Cet article n'est à peu près jamais utilisé au Canada.  On en a discuté dans la foulée des débats sur la légalité de l'avortement.


9 commentaires:

  1. Vraiment hyper intéressant les différences entre les différents types de délits causant la mort et les peines qui y sont associés. On a des informations vulgarisées et en plus, comment les peines sont appliquées dans le pratico-pratique. J'ai déjà eu un de mes clients qui a commis un meurtre au 2e degré et dont l'admissibilité à la libération conditionnelle totale était de 25 ans, si ma mémoire est bonne. Cependant, il a été en appel et ça a été réduit de près de la moitié. En terminant, petite info comme ça, depuis septembre 2010, la CNLC a changé de nom. C'est maintenant la Commission des libérations conditionnelles du Canada (CLCC). Dans les faits rien n'a changé, quelqu'un s'est simplement penché sur la question et s'est dit:"Tiens, faudrait qu'il y ait le mot Canada dans le titre!" ;)

    RépondreSupprimer
  2. N'existe-t-il pas aussi une sorte de mesure exceptionnelle après 15 ans pour qqn condamné pour meutre au premier degré?

    RépondreSupprimer
  3. Merci pour cette explication claire et concise! Le nuage s'est dissipé.

    RépondreSupprimer
  4. @Raton: De rien ;-)

    @PsyKoDork: Oui, il existe une possibilité, pour le meurtrier au 1er degré (et pour le meurtrier au 2ème degré qui a reçu une période d'inadmissibilité à la libération de plus de 15 ans) de demander, après 15 ans, à un jury unanime de se prononcer, justement sur cette période d'inadmissibilité.
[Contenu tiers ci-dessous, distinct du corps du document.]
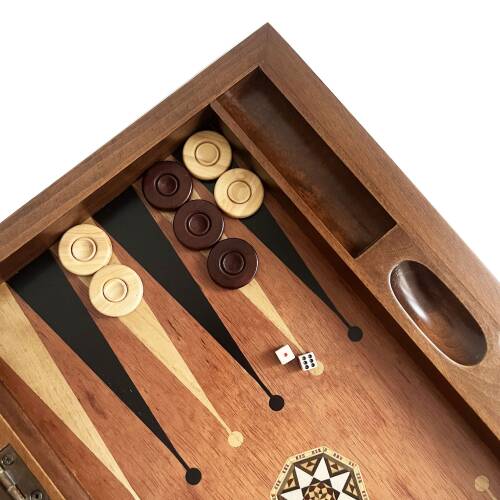 Pure Gül Mazel Masif Ahşap Tavla Numeratörlü - 6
    Le rôle du jury est alors de déclarer le condamné ou non admissible à la libération conditionnelle avant son temps. La Commission des libérations conditionnelle demeure alors celle qui évalue et qui décide. Plus clairement, le jury déclare la personne admissible à faire la demande, et non à être libérée.
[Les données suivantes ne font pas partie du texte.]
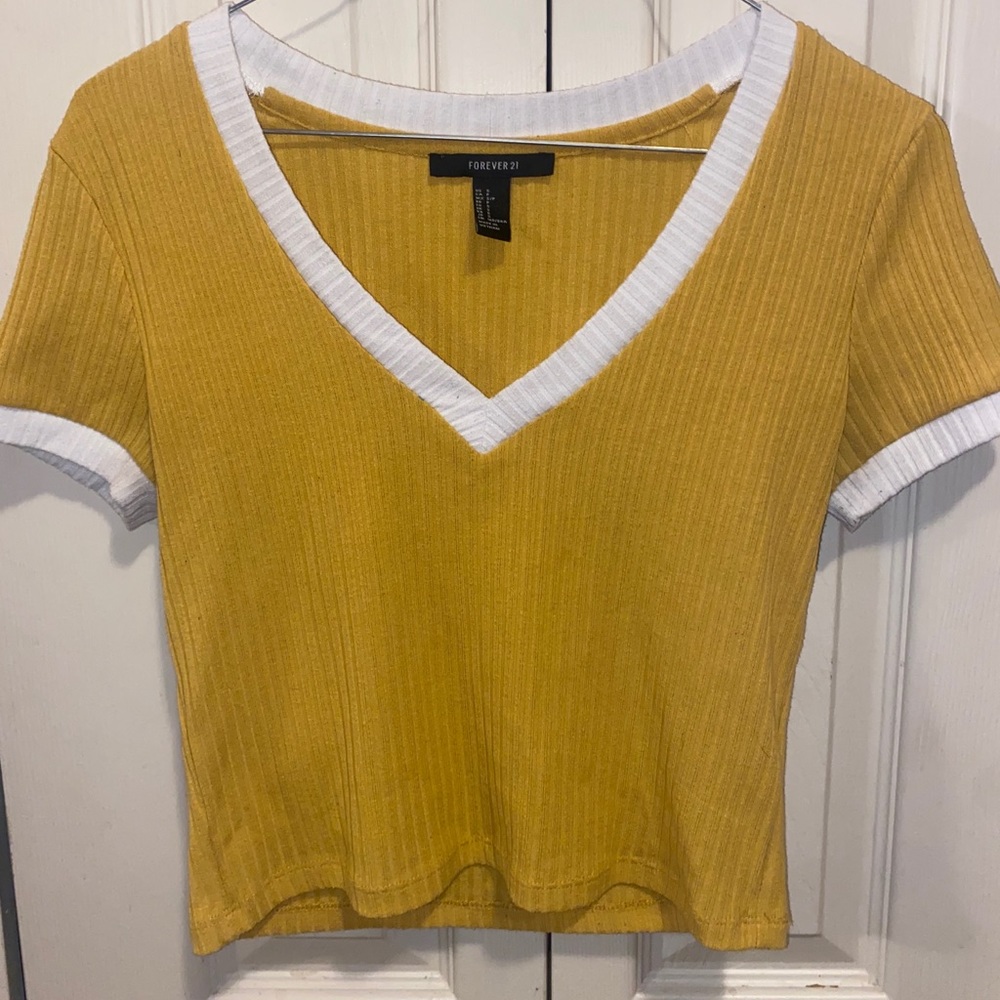 Yellow crop V neck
    Je dis tout ça avec une hésitation: j'ai lu que les conservateurs de Harper et de Boisvenu étaient en train de faire abolir ce processus, et je n'ai pas vérifié s'il y a un projet de loi sur la table.

    RépondreSupprimer
  5. Il y a effectivement un tel projet de loi (S-6) qui a reçu la sanction royale. L'Association québécoise des avocat(es) de la défense avait déposé un mémoire pour s'y opposer. On peut consulter le mémoire au lien suivant:http://www.aqaad.com/documents/Argumentaire%20de%20l'AQAAD%20projet%20de%20loi%20S-6.pdf

    RépondreSupprimer
  6. Merci Me Ladouceur.

    http://www.aqaad.com/documents/Argumentaire%20de%20l'AQAAD%20projet%20de%20loi%20S-6.pdf

    RépondreSupprimer
  7. " Il s’agit de tuer quelqu’un de manière intentionnelle, mais sans que le geste ne soit commis de propos délibéré ou qu’il n’ait été prémédité."
    Le propos délibéré ne fait-il pas référence à l'intention justement?
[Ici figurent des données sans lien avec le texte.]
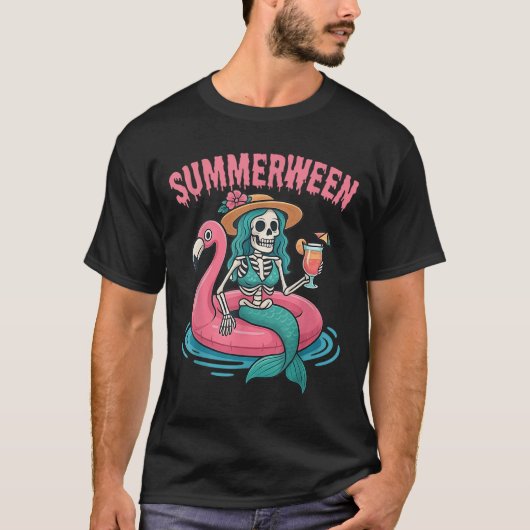 Summerween Mermaid Skeleton Beach Flamingo Hallowe T-Shirt (Vorderseite)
    Merci pour la précision,

    MP

    RépondreSupprimer
  8. Trois membres d'une même famille voient leur frère rentrer chez lui le soir dissimulant une carabine.(après enquête leur frère fut jugé et condamné pour meurtre, c'est en 1960). Les trois membres ont caché leur observation aux policiers et enquêteur,pour protéger leur frère.Pouvaient-ils être condamner pour parjure ou fausse déclaration à cette époque?

    RépondreSupprimer
    Réponses
    1. Plutôt de complicité après le fait de meurtre, et d'entrave à la justice.